# Finished a large desk with spar urethane, now worried



## horford (May 13, 2013)

Hello,

I have been working on a desk project and over the last few days have applied 4 coats of Minwax Helmsman spar urethane.

It looks nice, but as I have done more research, I have learned that this finish is going to be 'soft' and not ideal for a work/computer desk.

Does anyone have any experience with using this type of finish on a desk? I'm starting to think I should put a final layer of shellac on it to create a harder surface but I have no idea if that is good idea or not.

Any suggestions are most welcome!

thanks.


----------



## m.n.j.chell (May 12, 2016)

Cover it with a piece of table glass.

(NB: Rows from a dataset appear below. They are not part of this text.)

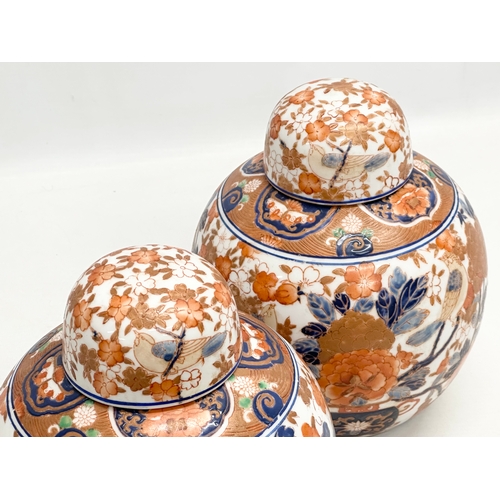 206 - A pair of 20th Century Chinese Imari ginger jars. 17x21cm.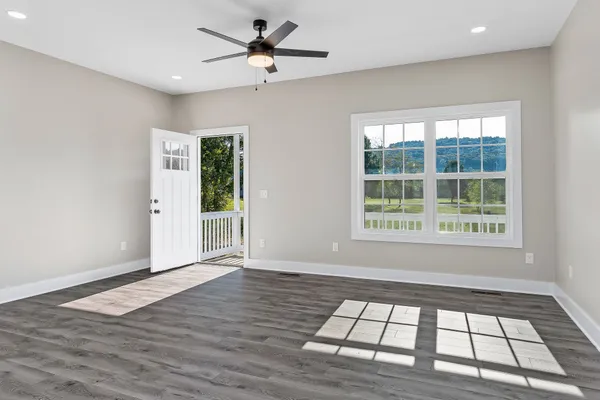 a large kitchen with stainless steel appliances granite countertop a refrigerator a stove a sink and a refrigerator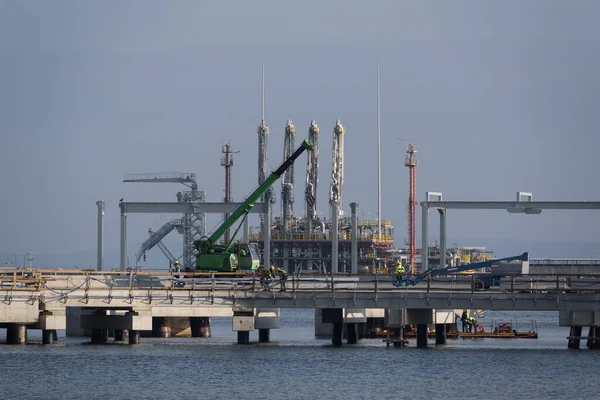 stock image LNG TERMINAL - Workers and construction machinery on a gas terminal building site 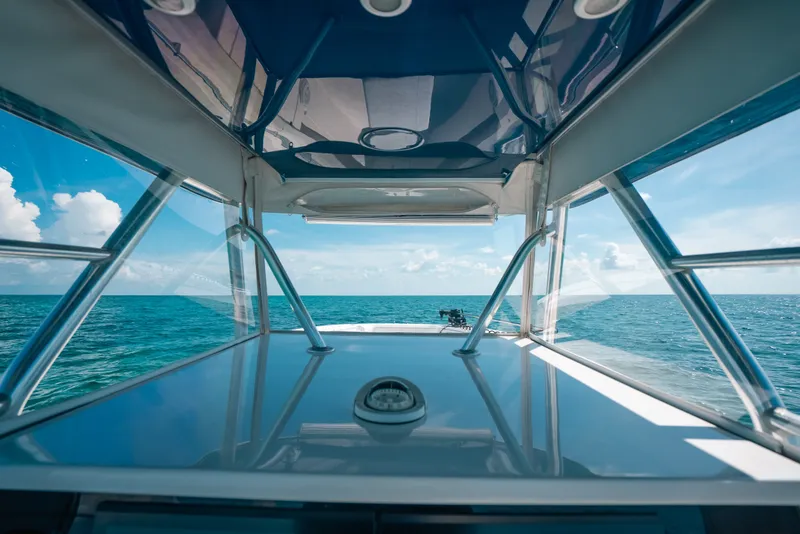 Slide: The Image of Invincible 42 Open Fisherman 2013 boat on open sea, clear sky view. - 37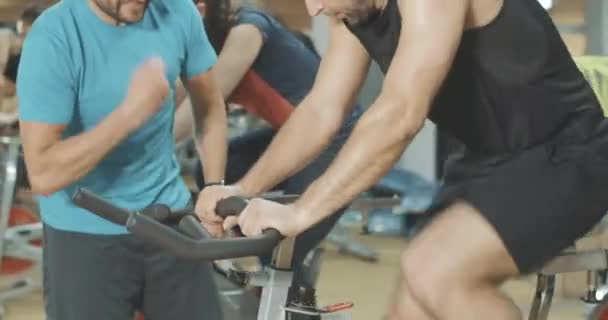 Giovane affascinante allenatore caucasico che sostiene l'uomo traspirante in bicicletta su cyclette in palestra. Allegro dipendente fiducioso che corregge l'allenamento di un forte sportivo. Cinema 4k ProRes HQ . — Video Stock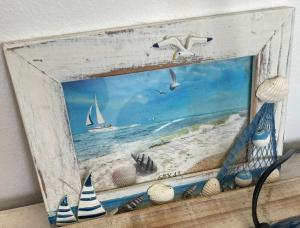 a picture of a painting of a beach with a sailboat at 44SeagullMelkbosstrand in Melkbosstrand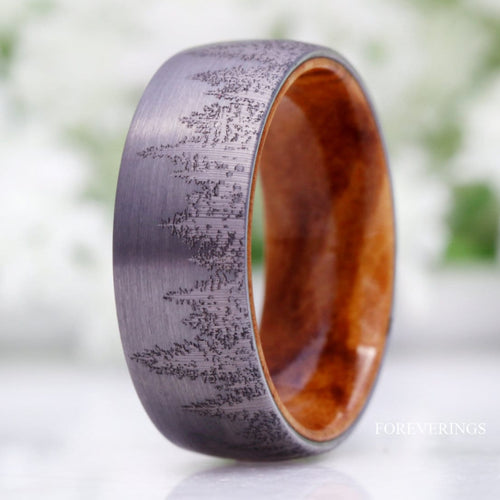 Men's 8mm silver tungsten band with an engraved forest tree-line and olive wood lining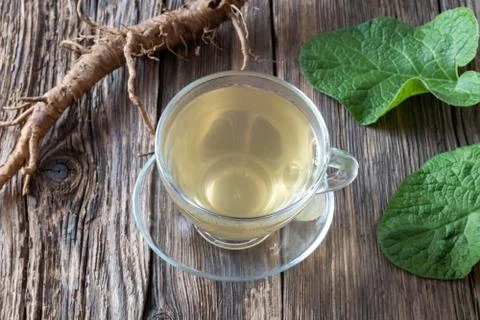 Burdock tea and root on a table Stock Photos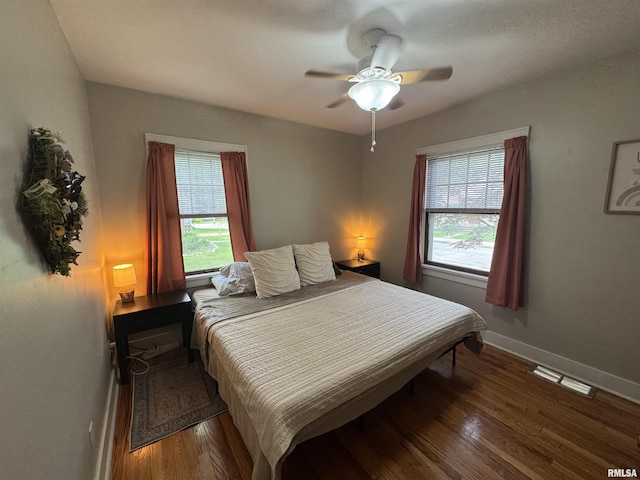 2139 10th St, East Moline, IL 61244 - bedroom featuring multiple windows, wood finished floors, baseboards, and ceiling fan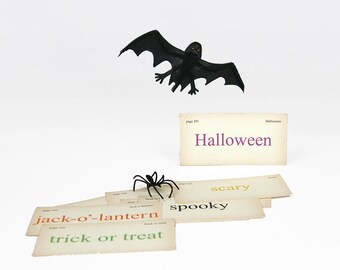 May include: A black bat and spider Halloween decorations with a stack of cards that say "Halloween", "scary", "spooky", "jack-o'-lantern", and "trick or treat".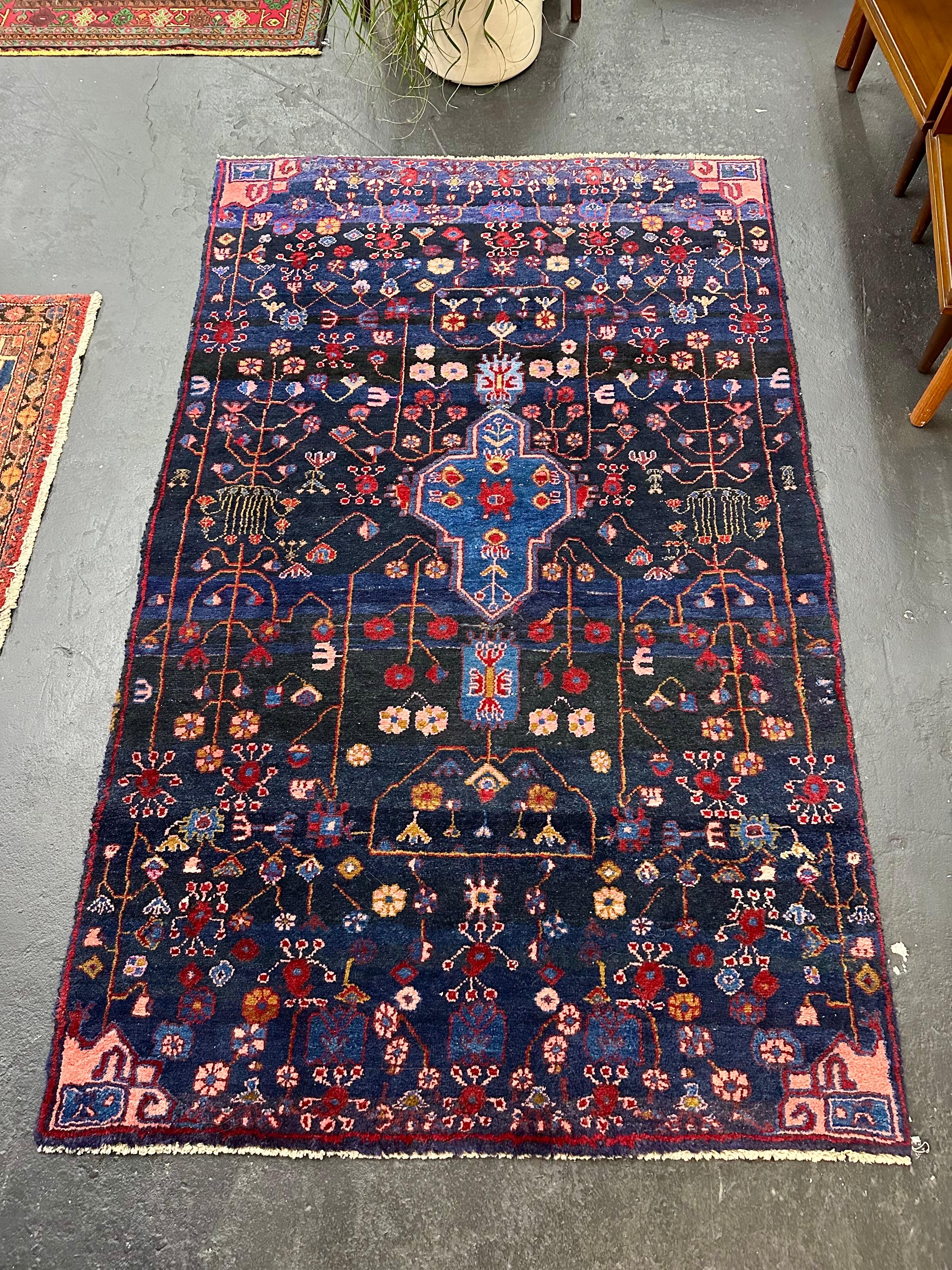 Tappeto vintage in lana annodata a mano. Campo blu navy con un motivo floreale tribale astratto in rosa, rosso, giallo e blu cobalto. Ottime condizioni vintage, solo un minimo di vintage. 7,1L x 4,5W, dimensioni ideali per qualsiasi stanza.

Può
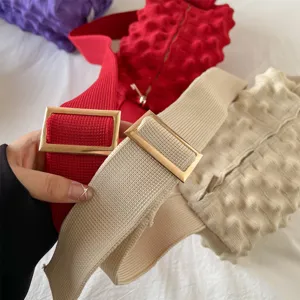 Knitted pineapple crossbody bag detail showcasing soft textured fabric and elegant metal buckle.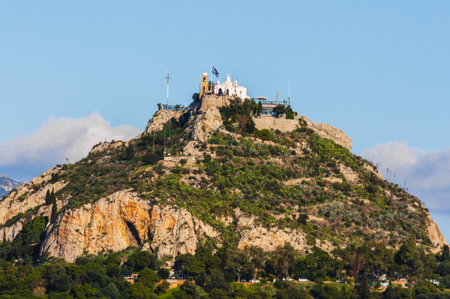 Lycabettus Hill with Saint George church and Greek flag in Athens, Greece.の写真素材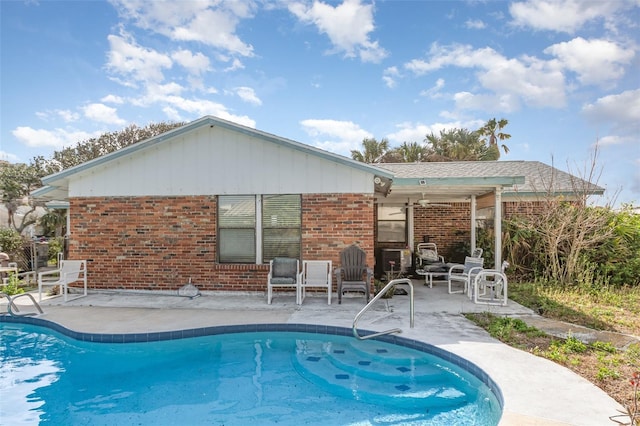 pool featuring ceiling fan and a patio area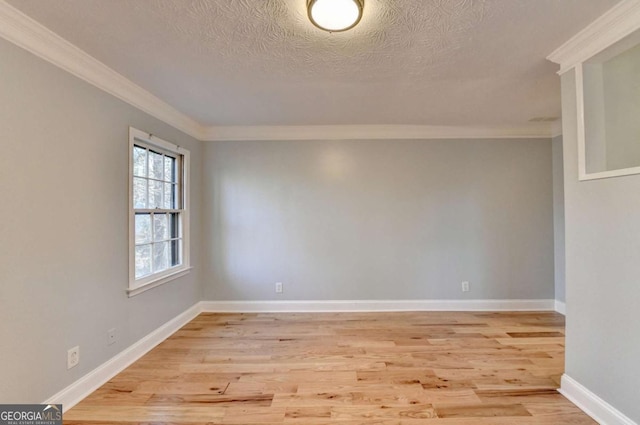 unfurnished room featuring a textured ceiling, crown molding, and light hardwood / wood-style flooring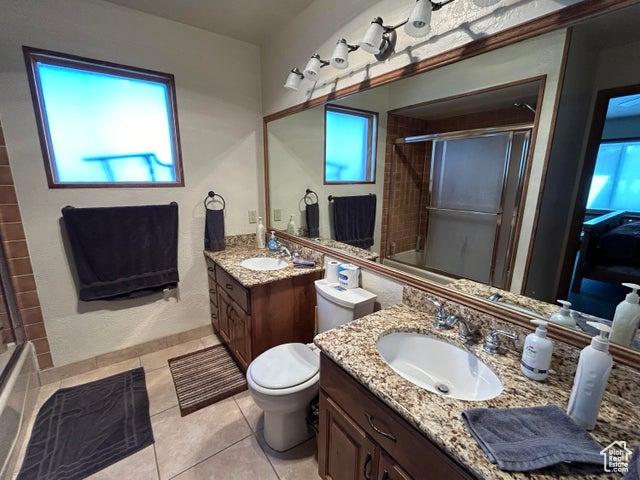 150 W Ridge View St Unit 241, Brian Head, UT 84719 - bathroom featuring vanity, toilet, tile patterned flooring, and a wealth of natural light
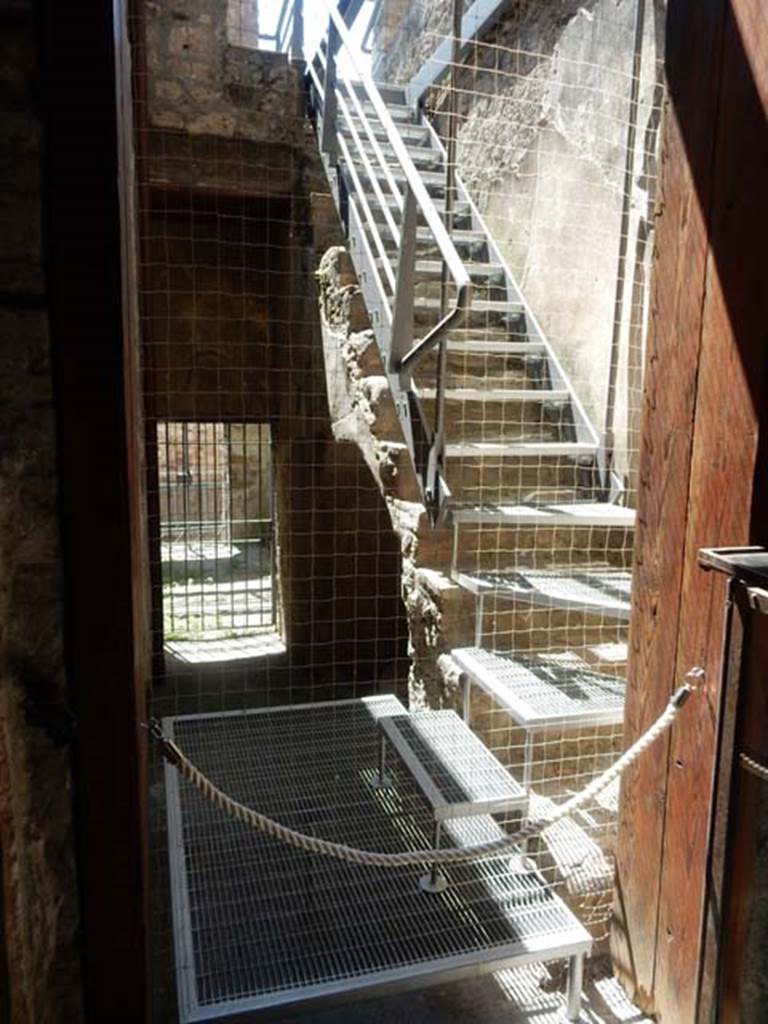 VI.15.27 Pompeii. May 2017.   
Looking south from atrium of VI.15.1, towards room with steps to upper floor and corridor leading to stable entrance at VI.15.27.
Photo courtesy of Buzz Ferebee.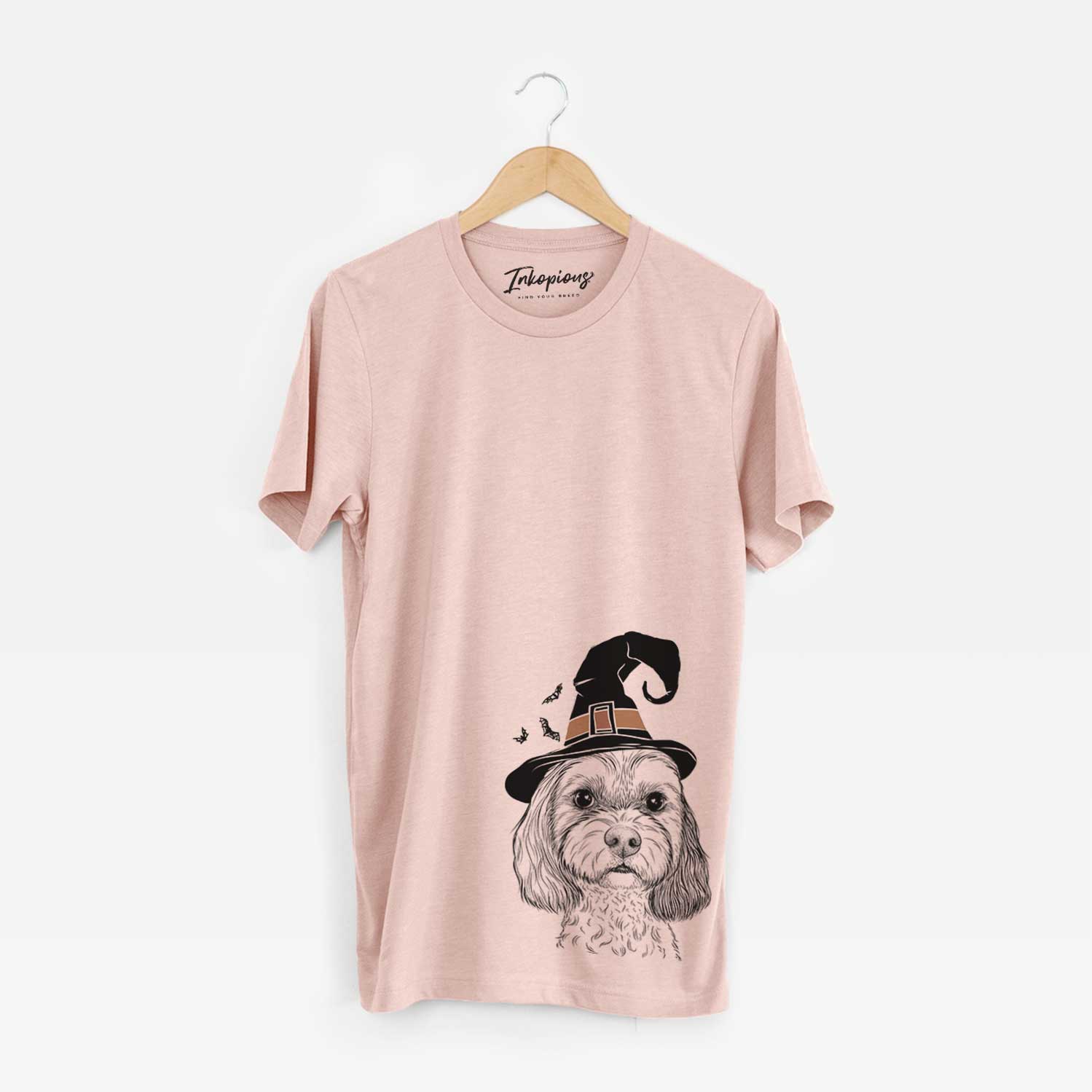 Hand-drawn sketch of Jasper Diggins the Cavapoo wearing a witch hat on a Peach Unisex crewneck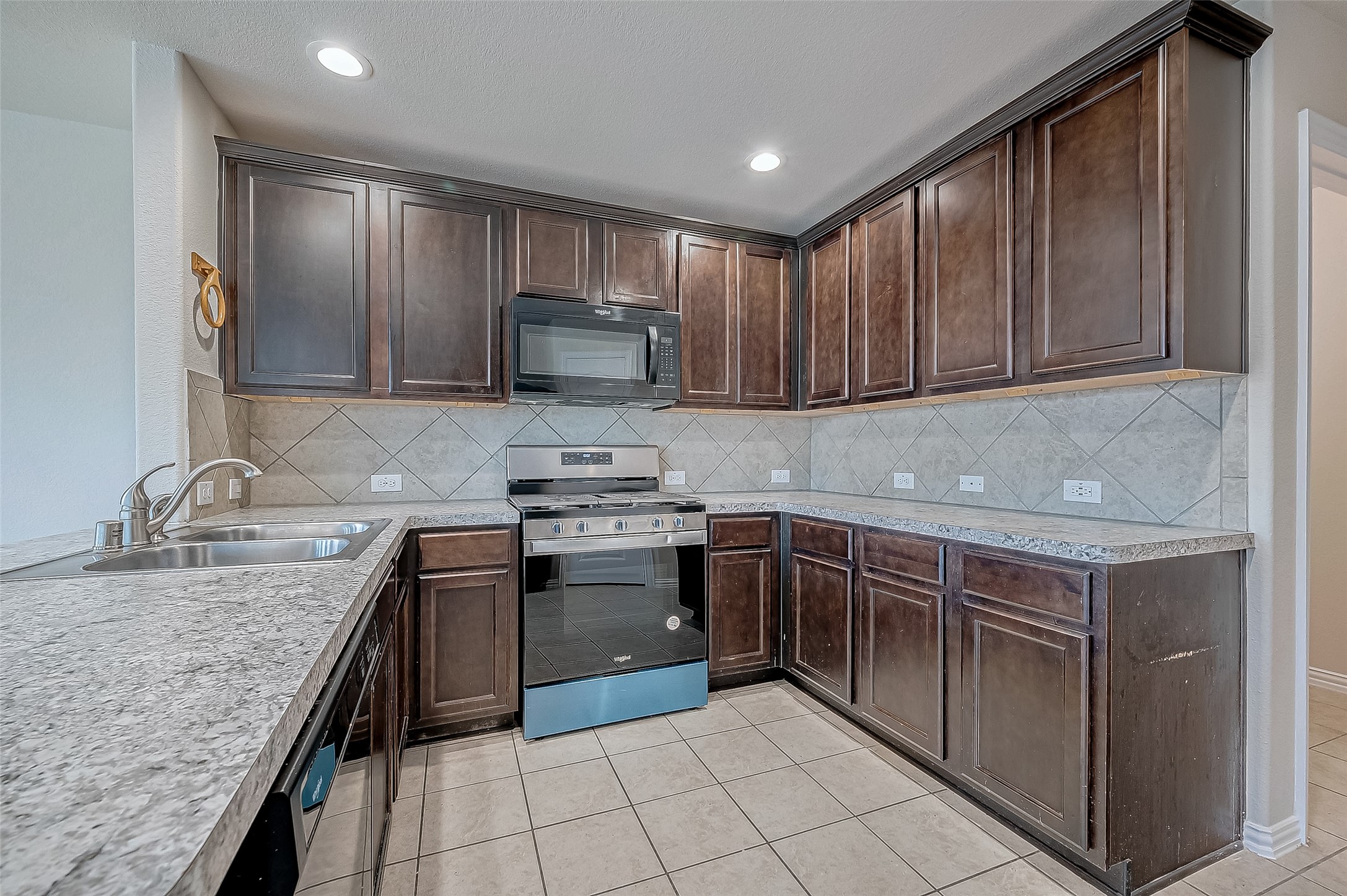 3406 Water Lilly Way Richmond, TX 77469 - Photo 16 of 44 a kitchen with stainless steel appliances granite countertop a sink stove microwave and cabinets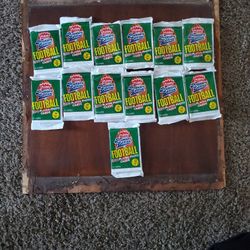 Unopened 1990 Fleer Premier Edition football packs. Vintage sealed 15-card packs for collectors, resellers, and fans of old school football memorabili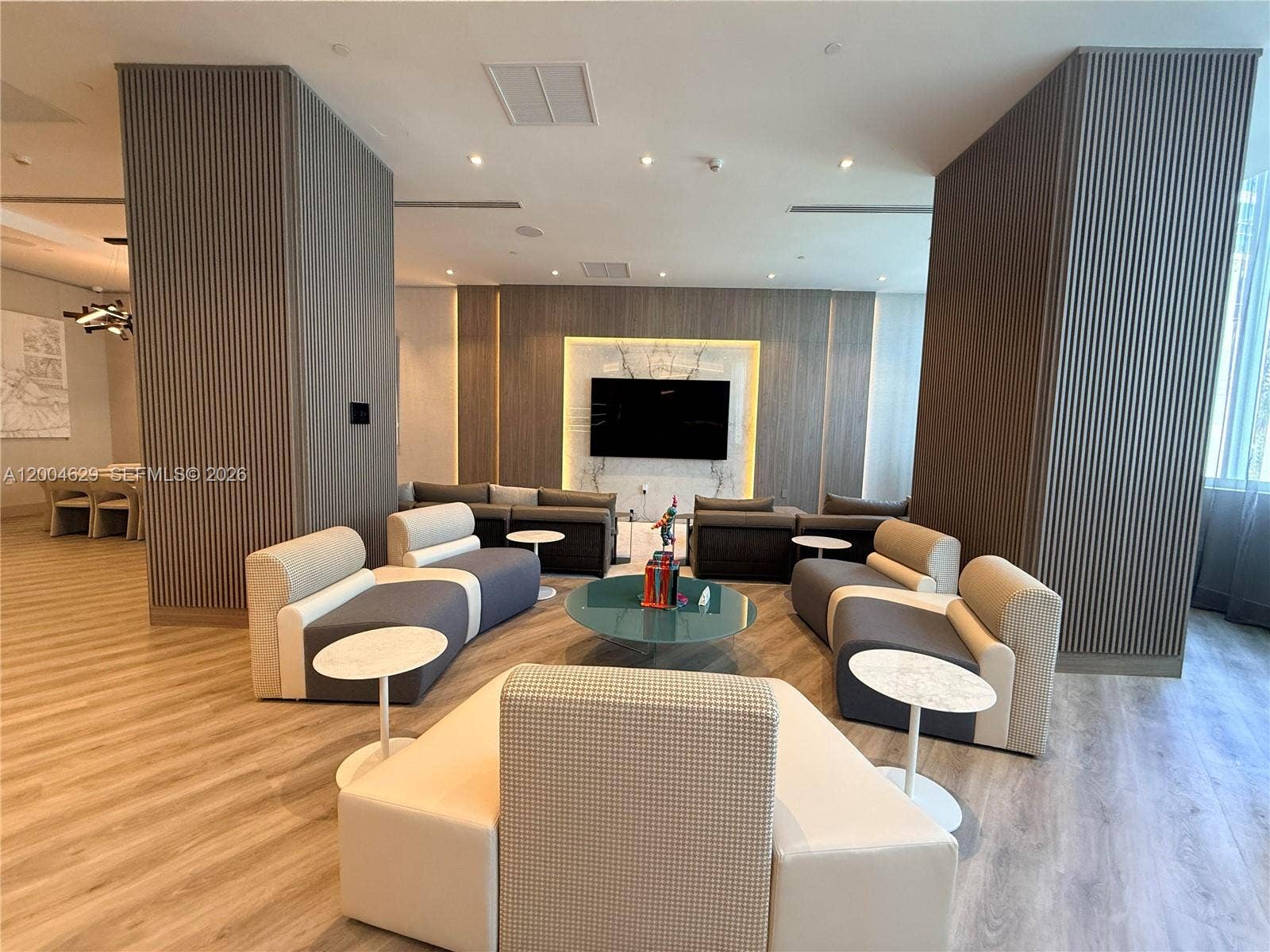 333 Las Olas Way, #304, Fort Lauderdale, FL 33301 Relax in the stylish TV lounge, designed for comfort and entertainment.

Perfect top, never scratch the wood. No stains, no problems.

http://glasstopsdirect.com/rectangle-glass-table-tops.php


----------



## ColorStylist (Jul 19, 2014)

horford said:


> Hello,
> 
> I have been working on a desk project and over the last few days have applied 4 coats of Minwax Helmsman spar urethane.
> 
> ...


Spar varnishes are designed to not totally harden and remain flexible so they are able to move for weather and temperature variation. Its not really a good finish to put on a desk, especially one you will be writing on. If its strictly for looks, I wouldnt worry about it.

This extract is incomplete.